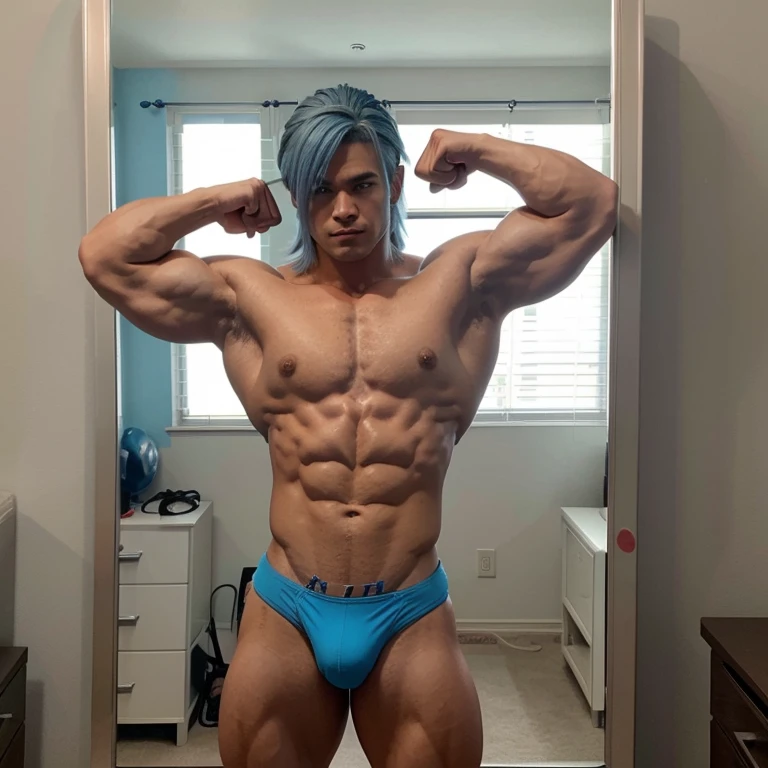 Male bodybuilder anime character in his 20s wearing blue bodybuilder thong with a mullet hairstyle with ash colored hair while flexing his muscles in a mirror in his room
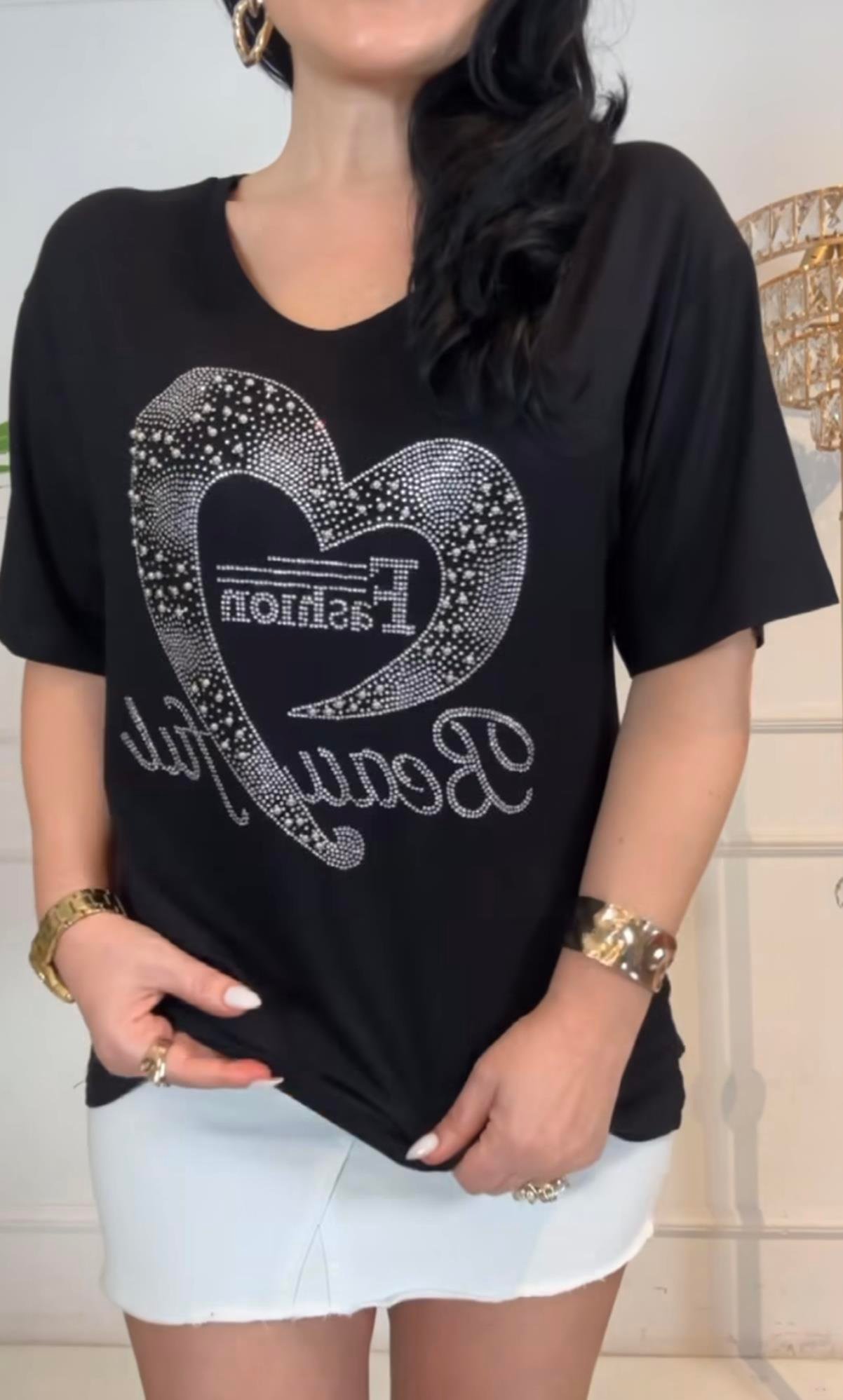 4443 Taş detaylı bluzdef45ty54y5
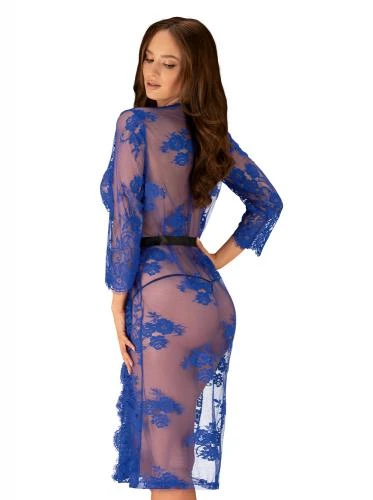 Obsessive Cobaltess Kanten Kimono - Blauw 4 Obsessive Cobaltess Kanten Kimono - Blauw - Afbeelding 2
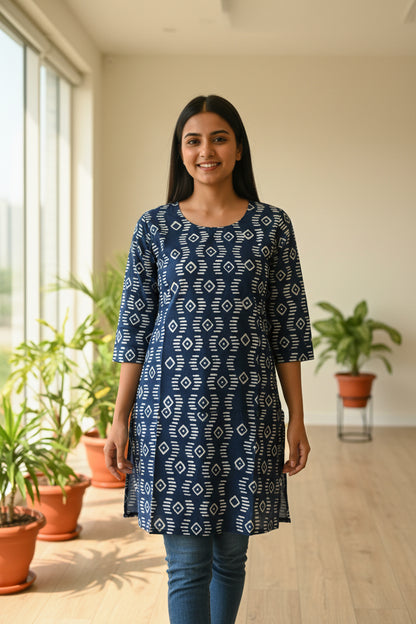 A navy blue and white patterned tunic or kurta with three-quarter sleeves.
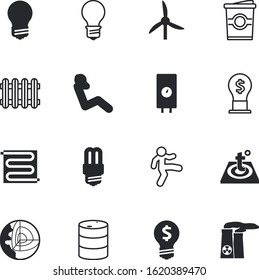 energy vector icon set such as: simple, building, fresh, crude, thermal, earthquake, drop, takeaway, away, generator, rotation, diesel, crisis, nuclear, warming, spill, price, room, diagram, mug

- _Work to complete_
Above are the records; restate exactly the lines from the one containing "Obsessive Cobaltess Kanten Kimono - Blauw 4" through the one containing "A navy blue", keeping pictures out.

- _Your solution_
 Obsessive Cobaltess Kanten Kimono - Blauw 4 Obsessive Cobaltess Kanten Kimono - Blauw - Afbeelding 2
 A navy blue and white patterned tunic or kurta with three-quarter sleeves.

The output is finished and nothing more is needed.